EFSA's scientific panel on additives, the ANS Panel, has lowered the Acceptable Daily Intakes (ADIs) for the artificial food colours Quinoline Yellow (E104), Sunset Yellow FCF (E110) and Ponceau 4R (E124) The ADIs for the other three colours, Tartrazine (E102), Azorubine/Carmoisine (E122) and Allura Red AC (E129) remain unchanged.
The latest EFSA review took into account additional evidence besides the Southampton study. The six colours, along with the preservative sodium benzoate, were shown by the Southampton study in September 2007 to increase hyperactivity in children. In March 2008 however, EFSA concluded that the Southampton data could not be used as a basis for altering the acceptable daily intake (ADI) of the respective food colours or sodium benzoate, largely because the additives had been administered in combinations so that effect could not be ascribed to individual colours.

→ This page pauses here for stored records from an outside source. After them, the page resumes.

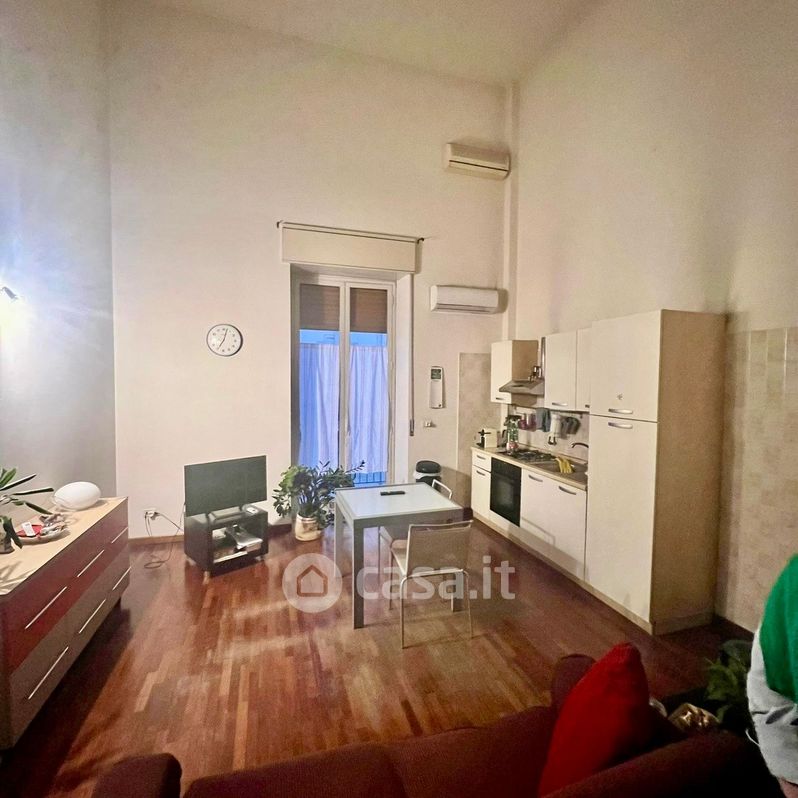 Appartamento in Vendita in Via Umberto I 279 a Catania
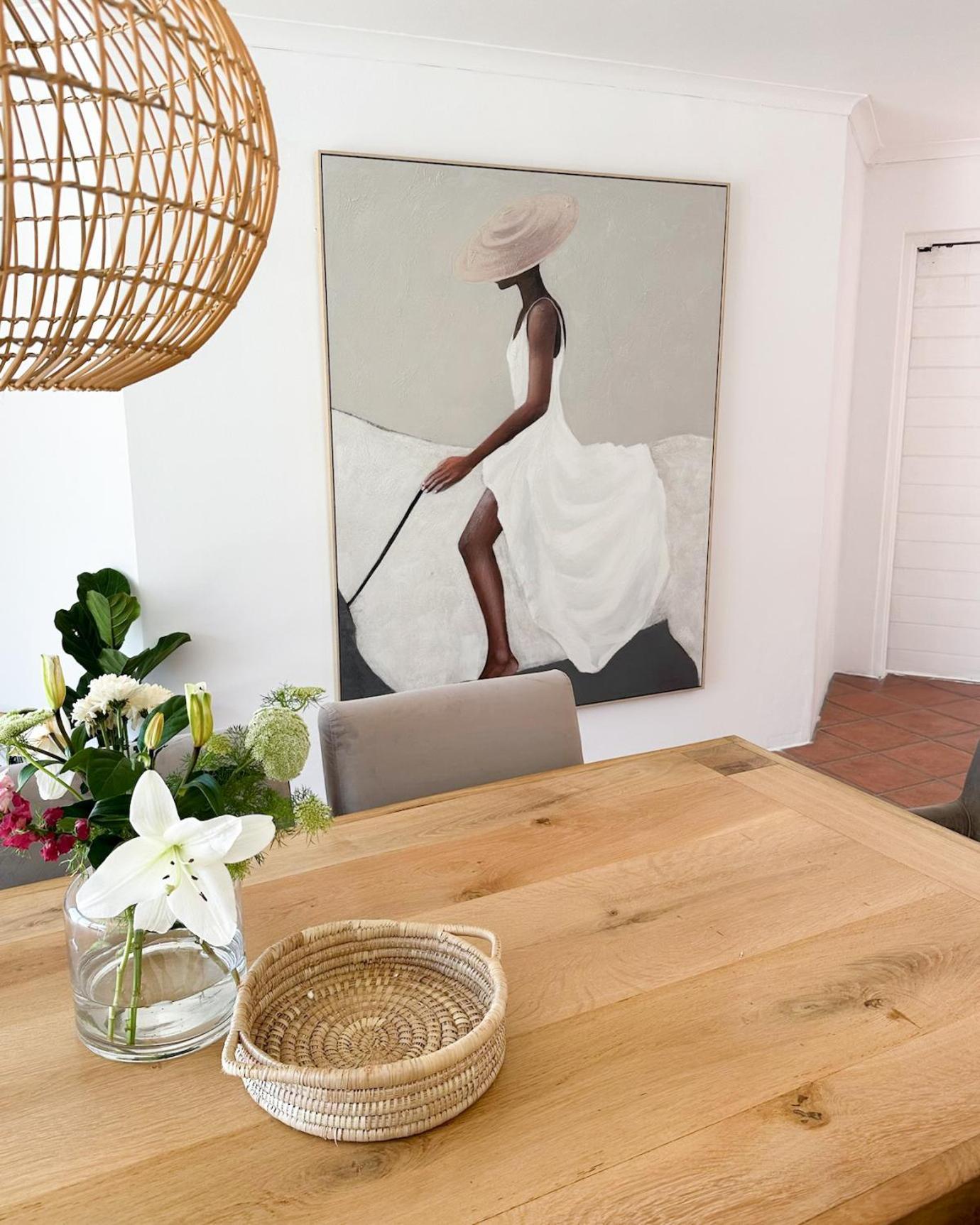 Holiday home Pingu Beachhouse With Jacuzzi Hout Bay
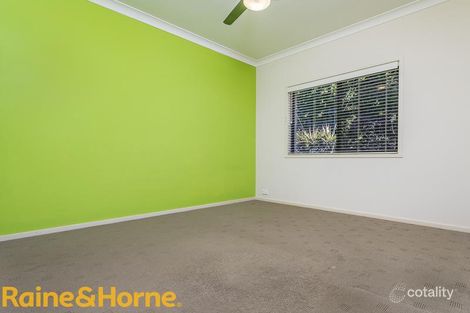 Property photo of 30 Wedgetail Circuit Narangba QLD 4504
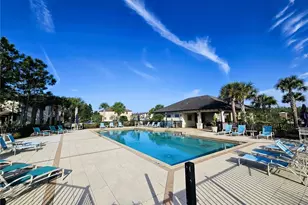 30219 Southwell Ln, Wesley Chapel, FL 33543 - Photo 45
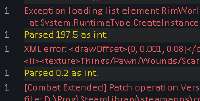 248x126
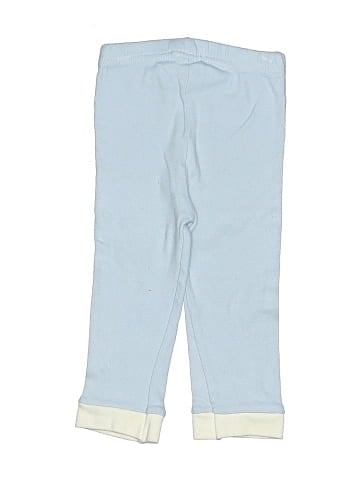 Sweet & Soft Casual Pants (view 2)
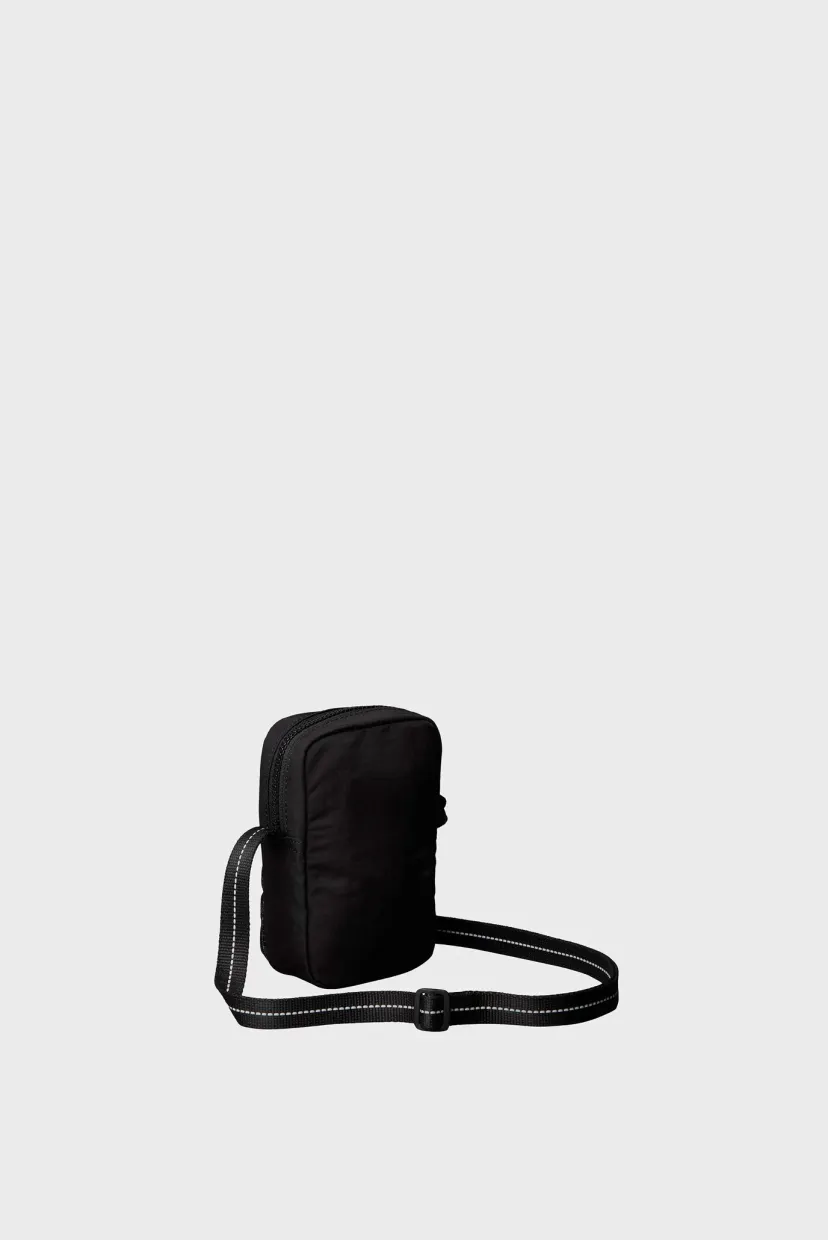 Sumka STRIPED UTILITY ZIP SLIM REPORTE 3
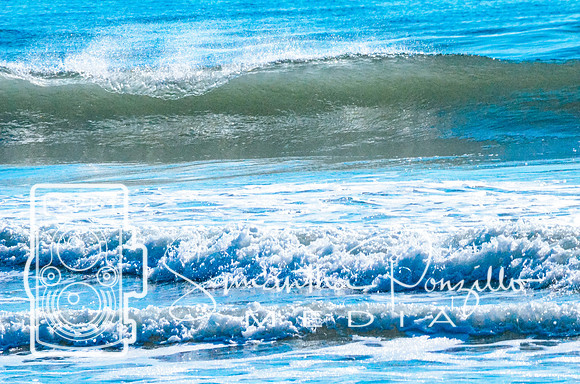 Jax Beach 5-23-16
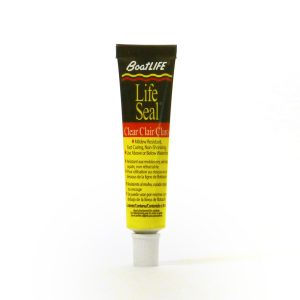 Boatlife Life Seal 1 oz Clear 1109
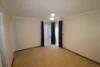 19 Lochee Way, Bull Creek, WA 6149-Image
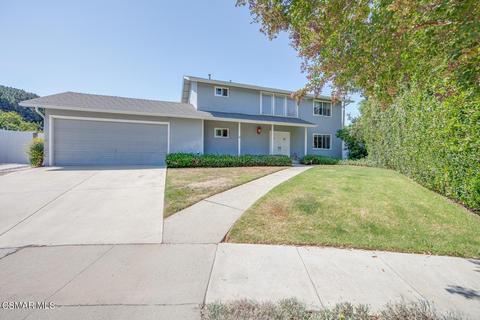 1016 Coulter Ct, Simi Valley, CA 93065 photo 1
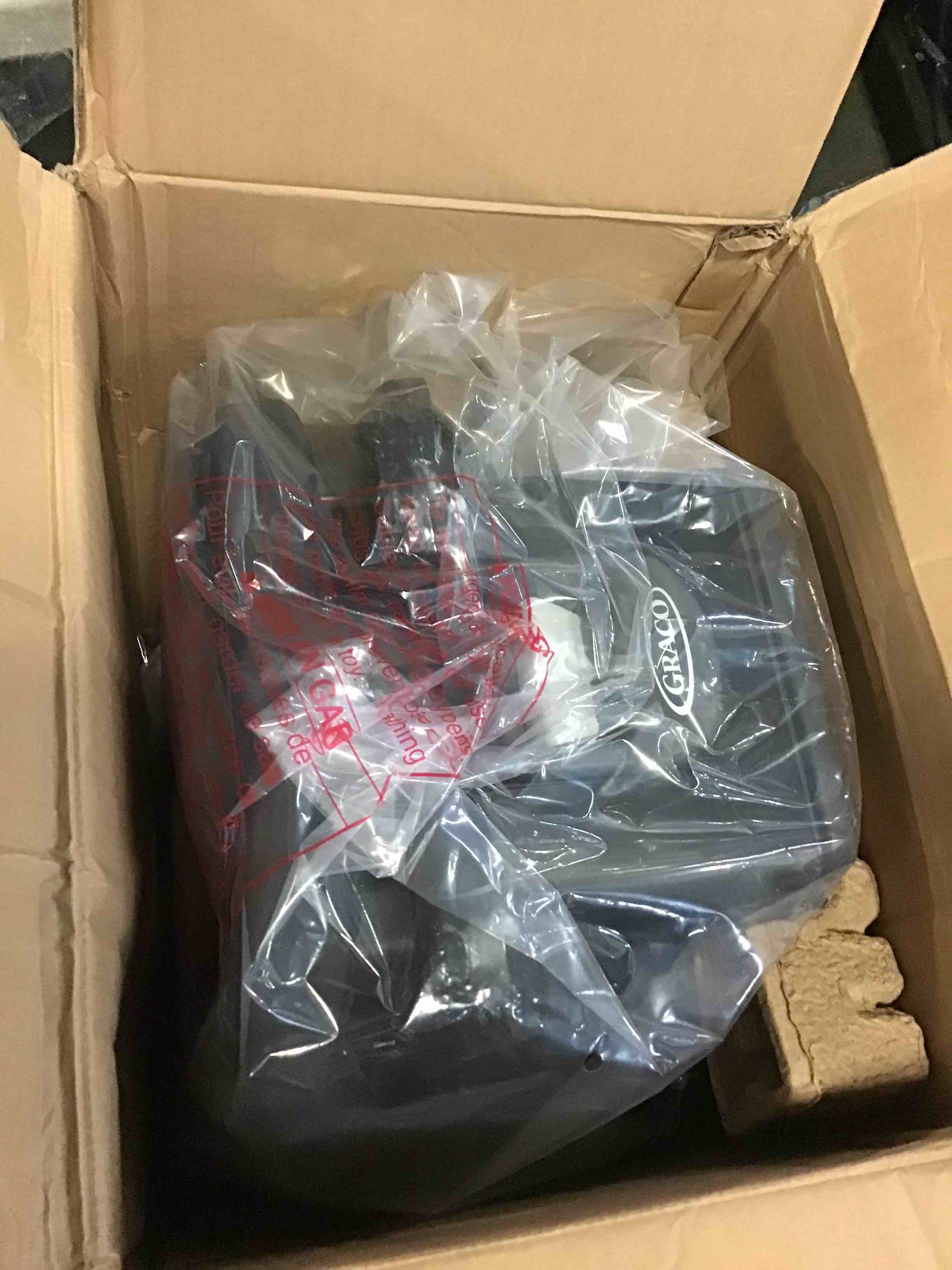 https://s3.amazonaws.com/lotting-images-prod/bidfta/YEL5258824_1695672512936.jpeg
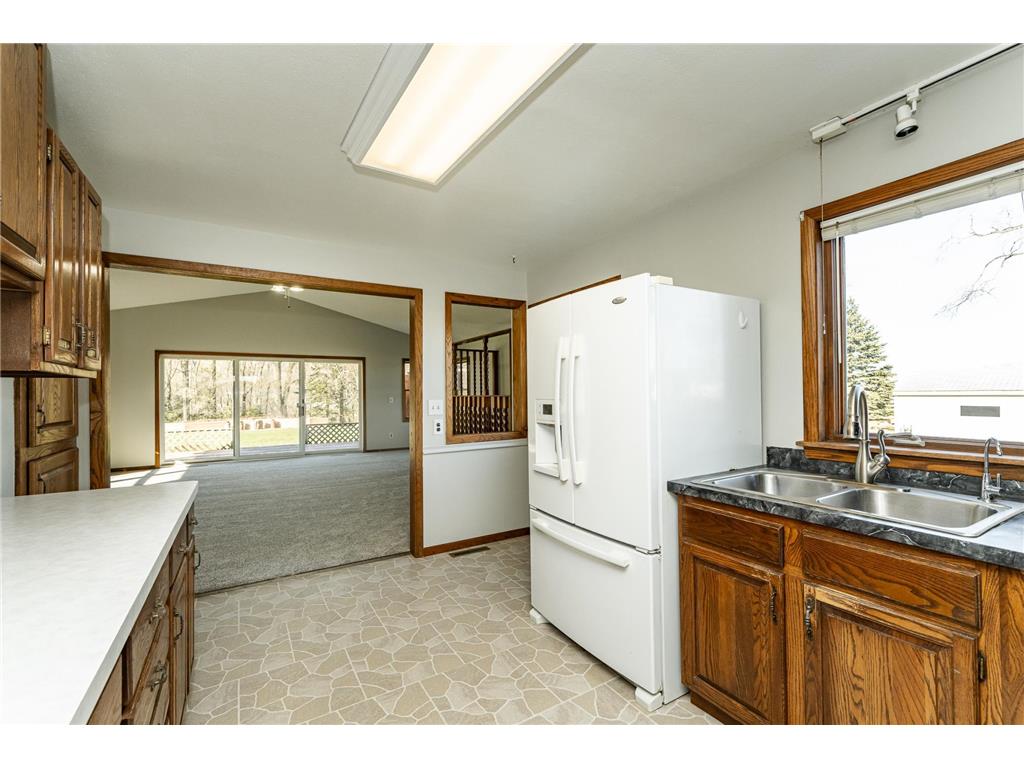 4907 Marion Court SE Marion Twp MN 55904 7058293 image8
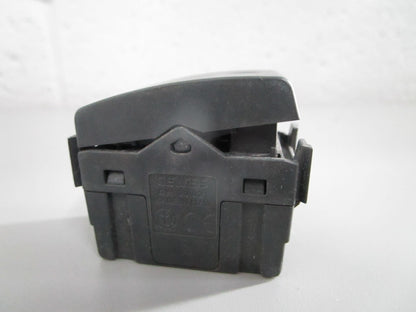 NEW OEM GW30033 Gewiss Playbus 16A 250V Dual NO Push Button 0820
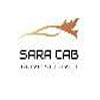 Sara Cab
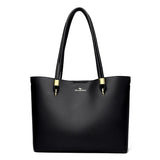 Sara - Tote Elegante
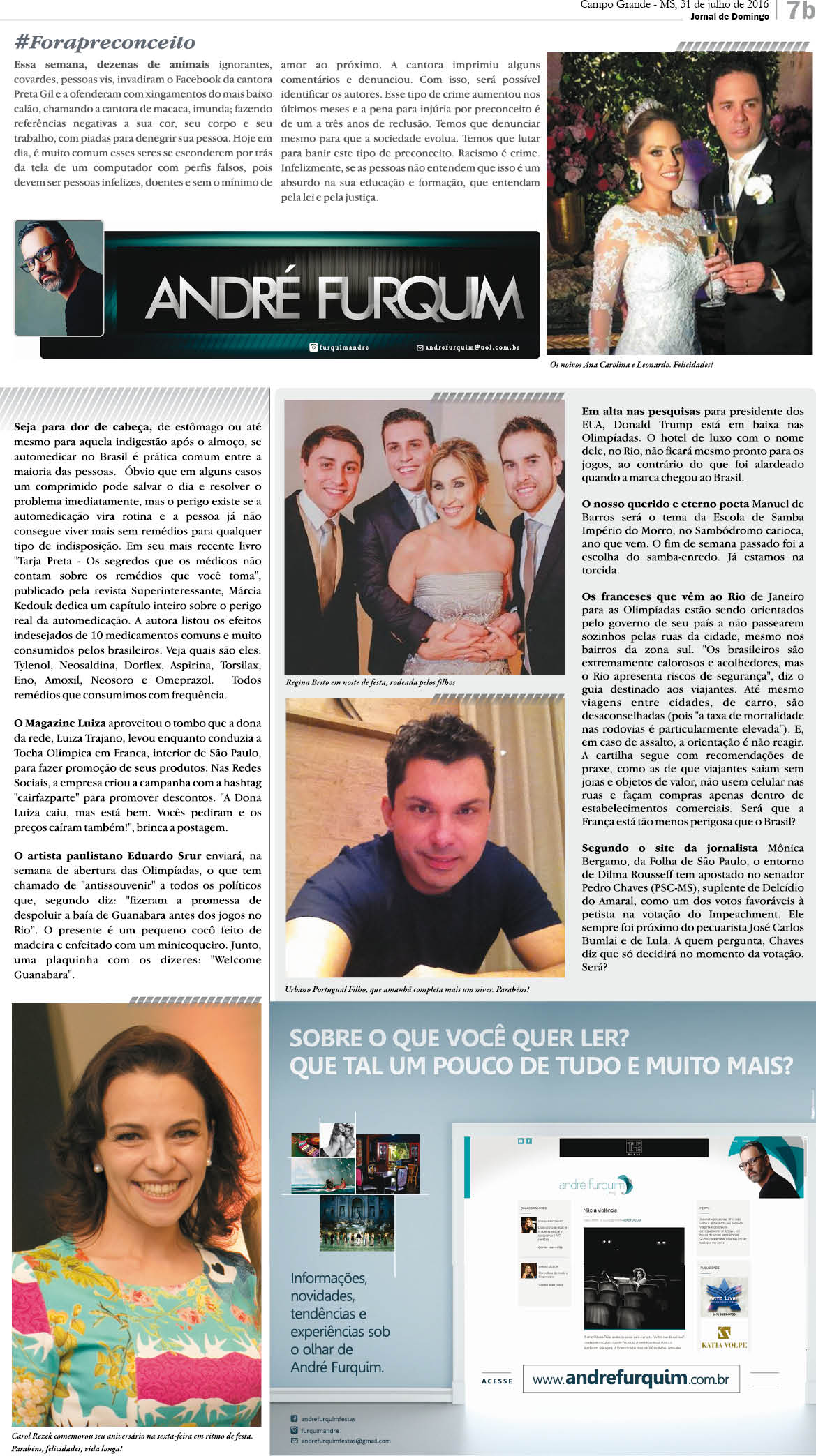 Página 15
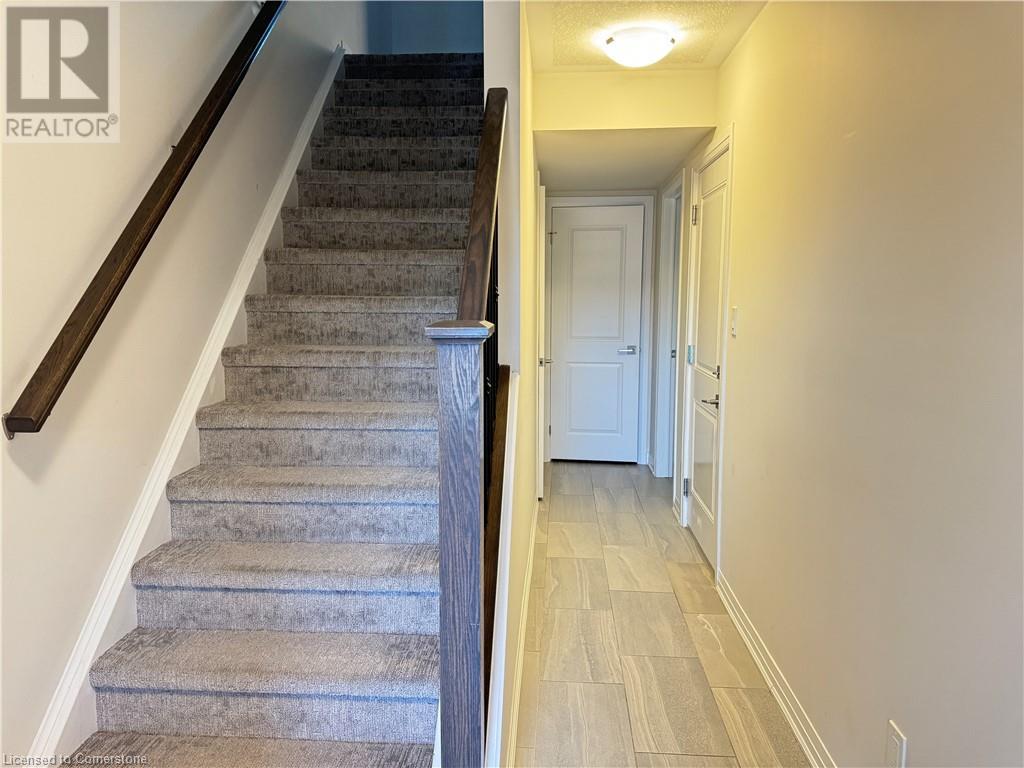 311 Woolwich Street Unit# 25, Waterloo, Ontario  N2K 0H4 - Photo 17 - 40663531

Anna Glayzer, co-ordinator of the Food Commission's "Action on Additives" Campaign, which has been lobbying for a ban both in the UK and EU said, "That the Acceptable Daily Intakes have been lowered for three of the six colours shows once again that concerns are justified. From the point of view of the consumer however, it remains impossible to measure what quantity of any of these additives one is consuming as levels are not indicated on labels. These colours are totally unnecessary in foods. We continue to call for a mandatory ban.
In April 2008 the UK Food Standards Agency called for a 'voluntary ban' on the six colours by the end of 2009 and for mandatory action at a European level. In July 2008 the European Parliament voted in favour of labelling foods containing the six food colours with the words "may have an adverse effect on activity and attention in children." The warning labels are expected to start to appear in mid 2010.